In this post, I will show you, how to use visualization and transformation for exploring your data in R. I will use several functions that come with Tidyverse package.
In general, there are two types of variables, categorical and continuous. In this section, I will show the best option to examine their distributions using the data from NHANES.
Load the library and data:
library(tidyverse) library(RNHANES) d13 = nhanes_load_data("DEMO_H", "2013-2014") %>% transmute(SEQN=SEQN, wave=cycle, INDFMIN2, RIDRETH1) %>% left_join(nhanes_load_data("BMX_H", "2013-2014"), by="SEQN") %>% select(SEQN, wave, INDFMIN2, RIDRETH1, BMXBMI) %>% mutate( annincome = recode_factor(INDFMIN2, '1' = "lowest", '2' = "lowest", '3' = "lowest", '4' = "low", '5' = "low", '6' = "low", '7' = "medium", '8' = "medium", '9' = "medium", '10' = "high", '12' = "high", '13' = "high", '14' = "highest", '15' = "highest")) %>% filter(!is.na(BMXBMI), !is.na(annincome))
With the dataset created I will visualize the distribution using a bar chart.
ggplot(data = d13) + geom_bar(aes(annincome))
To see the exact number for each category, I can also calculate these values with
d13 %>% count(annincome)
For a continuous variable it is necessary to use the histogram. I chose to see how BMI is distributed in NHANES population for 2013, with
binwidth = 5, so cut the variable by 5 unit increase.

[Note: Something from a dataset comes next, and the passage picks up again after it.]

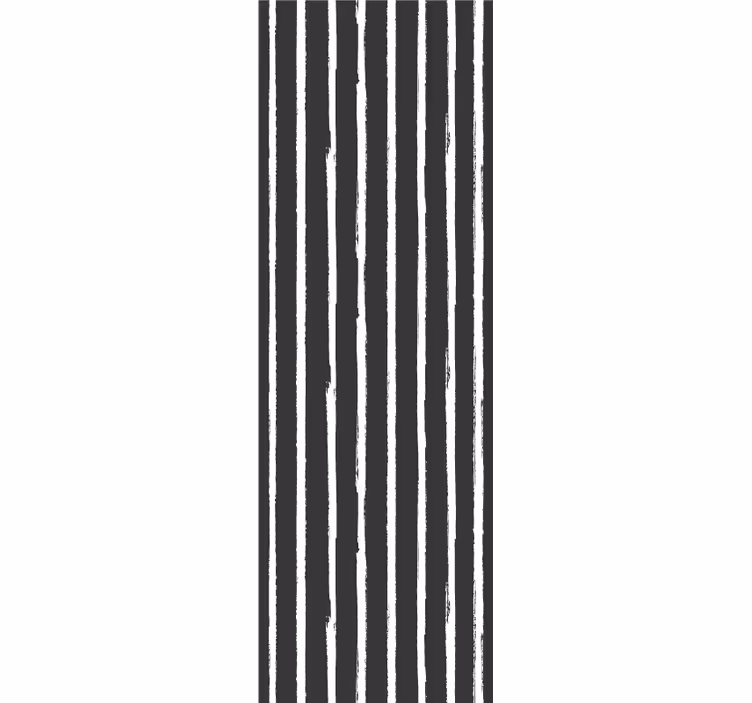 Store enrouleur noir motif moderne lignes blanches et noires - TenStickers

ggplot(data = d13) + geom_histogram(aes(BMXBMI), binwidth = 5)
Combining 'ggplot2' and 'dplyr', I can see the relevant values fo Bmi with the function
cut_width() by 5 unit increase)
d13 %>% count(cut_width(BMXBMI, 5))
To combine the information I showed previously in the same plot, for information about BMI and annual income I will use
geomfreqpoly(), and have the multiple histograms below.
ggplot(data = d13, aes(BMXBMI, color = annincome)) + geom_freqpoly(binwidth = 1)
A categorical and a continuous variable
Now I am going to demonstrate a link of a continuous variable based on the other categorical variable using the boxplot.
ggplot(data = d13, aes(annincome, BMXBMI)) + geom_boxplot()
So for each box, the middle line is the median 50th percentile for each category. In my case, if I chose category medium for annual income the median of BMI is ~27. The upper and the lower line of the box shows 75th (BMI=31) percentile, and 25th (BMI=20) percentile and the distance between them is called the Interquartile Range.
Two categorical variables
For two categorical variable, I need to visualize the relation between them, but I also would like to know the number of observations, so I will use 'geom_tile' and 'fill aesthetic' and have the graph below.
d13 %>% mutate(race = recode_factor(RIDRETH1, `1` = "Mexian American", `2` = "Hispanic", `3` = "Non-Hispanic, White", `4` = "Non-Hispanic, Black", `5` = "Others")) %>% count(race, annincome) %>% ggplot(aes(race, annincome)) + geom_tile(aes(fill = n))
Two continuous variables
Below, I will see how do BMI and cholesterol come along with each other drawn in a scatterplot.
data13 = d13 %>% left_join(nhanes_load_data("TCHOL_H", "2013-2014"), by="SEQN") %>% select(SEQN, wave, INDFMIN2, RIDRETH1, BMXBMI, LBXTC) ggplot(data = data13) + geom_point(aes(BMXBMI, LBXTC))
Because the points overplot in the previous scatterplot, I can use 'alpha aesthetic' for a more useful graph.
ggplot(data = data13) + geom_point(aes(BMXBMI, LBXTC), alpha = 1/20)
Another way to visualize a relationship of two continuous variables is by using bins and treating one of the variables as a definite. Adding 'cut_number' will make the comparison fairer as there is the same number of points in each bin.
ggplot(data = data13, aes(BMXBMI, LBXTC)) + geom_boxplot(aes(group = cut_number(BMXBMI, 20)))
Hope this post will help you chose the right and best way to illustrate distribution and relations within and between variables.